Quillo, el domingo a las 08:00 en el pabellón. Este bien podría ser el punto de partida para un día de sendero por la sierra de Cádiz. Llega el día acordado, nos vemos en el punto de salida, y desde el día anterior con los preparativos de tu calzado y mochila, el gusanillo de la montaña te esta poniendo sobre aviso que se acerca el día deseado.


Cuando acuerdas una salida a la montaña, poco importa que el día este lluvioso, con viento, frío o nublado, tiene que ser una fuerza mayor, para abortar la salida, eso si siempre que salgas con compañeros con experiencia y conocimiento de la zona donde se va, como todo en la vida en la montaña la seguridad y el conocimiento de lo que vas hacer en cada momento es fundamental para que un día de disfrute termine con el objetivo marcado, que es el de regresar a casa en buen estado. Un sendero que has hecho en primavera, es distinto en cada una de las distintas estaciones del año, y cada una tiene su encanto si sabes apreciar la cantidad de sensaciones que la montaña te brinda en cada periodo estacional. Saber disfrutar de los olores, del sonido, de la vista, poder tocar una planta aromática y degustar un “simple” bocadillo en un paraje maravilloso y mantener una conversación con los compañeros de senderos, son para los amantes de este deporte algunas de las cosas que el montañero valora.

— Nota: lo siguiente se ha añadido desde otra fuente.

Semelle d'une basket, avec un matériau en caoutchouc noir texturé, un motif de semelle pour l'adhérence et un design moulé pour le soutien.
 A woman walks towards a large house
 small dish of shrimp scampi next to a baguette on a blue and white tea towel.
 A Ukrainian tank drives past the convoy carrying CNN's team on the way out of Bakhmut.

Coge aire colega, que viene una pendiente, esta subida siempre se me atraganta, no te quejes siempre dices lo mismo y cuando llegamos arriba ya no te acuerdas de nada. ¿Cuántas veces has recorrido este sendero? Va por la cuarta, ¡claro! Lo que yo te digo. Este podría ser un trozo de conversación entre dos colegas de senderos cuando se esta paso a paso andando el camino.

Hoy hemos tenido suerte, y hemos podido hablar con un ganadero que tiene un rebaño de cabras por la zona y hemos disfrutado de una larga charla sobre los caminos del sendero que a veces vemos y que no conocemos sus destinos y que muy amablemente y con una sabiduría magistral nos orienta en tal o cual dirección y nos enriquecemos con sus datos y su charla que cuando nos damos cuenta volvemos apreciar otras de las cosas que en la montaña parece “pararse” y es el tiempo, y este (El tiempo) en el sendero lo marca el sol.

Este tipo de información que nos facilitan las gentes de los pueblos donde bien comienzan, transcurren o finaliza un sendero es fundamental para poder ir conociendo nuevos caminos, que nos puedan llevar a disfrutar de otros parajes de la zona.

Todo sendero tiene un punto de partida y otro de llegada, y este nuestro de hoy esta tocando a su fin.

Cuando llegamos a los coches, nos aseamos un poco para reponer fuerzas y comentar la jornada en la venta de vuelta a casa con un café o infusión de por medio.